Problem details: Copy out only the lines running from the one that contains "2107 - Excellent" through the end of the listing. Pictures stay out.

Supplied information:

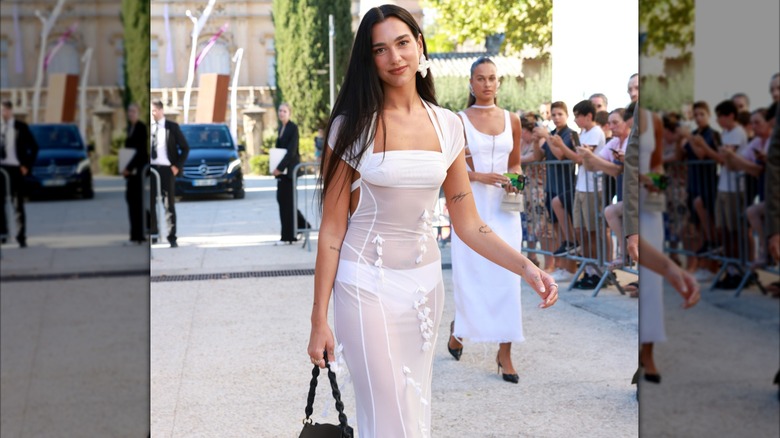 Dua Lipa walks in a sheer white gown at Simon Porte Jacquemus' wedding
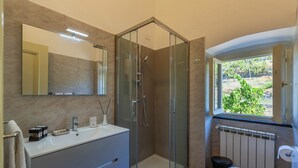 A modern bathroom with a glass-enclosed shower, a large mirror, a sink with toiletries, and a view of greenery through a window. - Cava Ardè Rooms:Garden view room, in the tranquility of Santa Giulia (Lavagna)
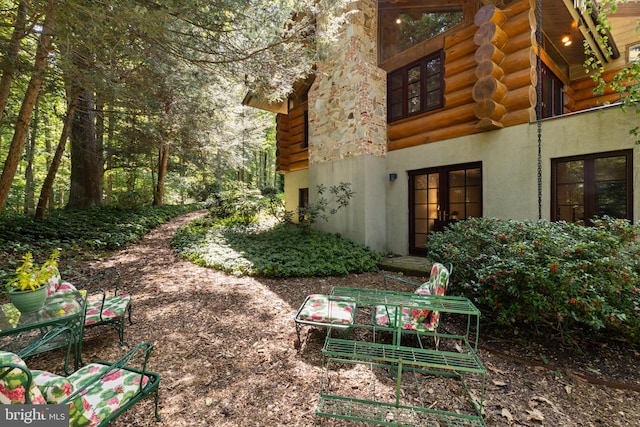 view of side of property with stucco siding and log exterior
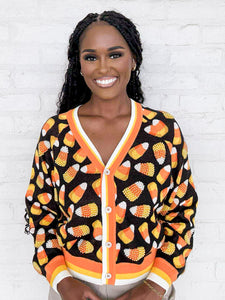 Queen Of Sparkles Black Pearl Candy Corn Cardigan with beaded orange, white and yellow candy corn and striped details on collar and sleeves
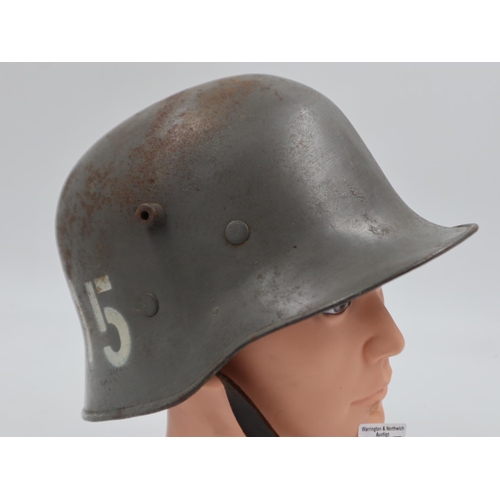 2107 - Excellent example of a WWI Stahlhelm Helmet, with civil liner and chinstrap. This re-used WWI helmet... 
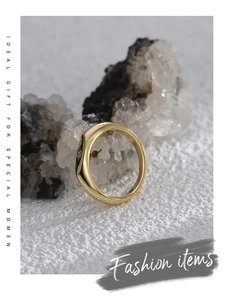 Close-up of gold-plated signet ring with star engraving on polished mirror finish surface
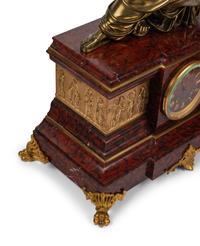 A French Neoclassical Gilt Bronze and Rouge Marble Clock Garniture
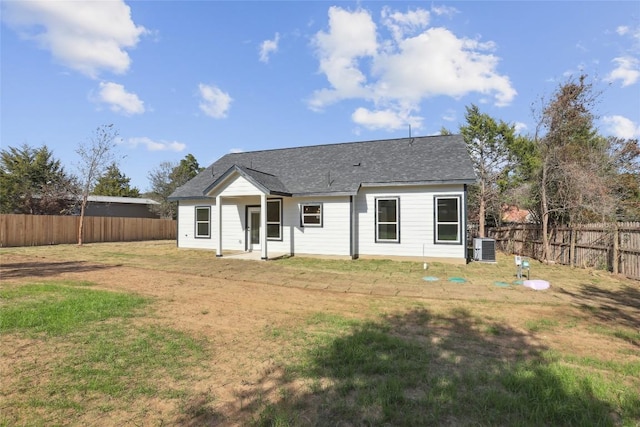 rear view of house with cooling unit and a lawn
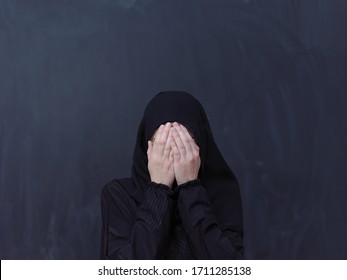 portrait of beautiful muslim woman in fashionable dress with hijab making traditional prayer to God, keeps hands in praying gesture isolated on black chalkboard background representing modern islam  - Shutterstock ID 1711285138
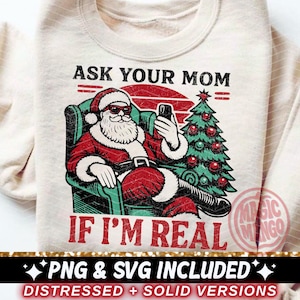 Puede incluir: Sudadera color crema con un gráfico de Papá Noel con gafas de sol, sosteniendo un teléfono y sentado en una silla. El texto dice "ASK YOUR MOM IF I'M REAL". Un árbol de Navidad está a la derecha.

Output for this task:
 2107 - Excellent example of a WWI Stahlhelm Helmet, with civil liner and chinstrap. This re-used WWI helmet... 
 Close-up of gold-plated signet ring with star engraving on polished mirror finish surface
 A French Neoclassical Gilt Bronze and Rouge Marble Clock Garniture
 rear view of house with cooling unit and a lawn
 portrait of beautiful muslim woman in fashionable dress with hijab making traditional prayer to God, keeps hands in praying gesture isolated on black chalkboard background representing modern islam  - Shutterstock ID 1711285138
 Puede incluir: Sudadera color crema con un gráfico de Papá Noel con gafas de sol, sosteniendo un teléfono y sentado en una silla. El texto dice "ASK YOUR MOM IF I'M REAL". Un árbol de Navidad está a la derecha.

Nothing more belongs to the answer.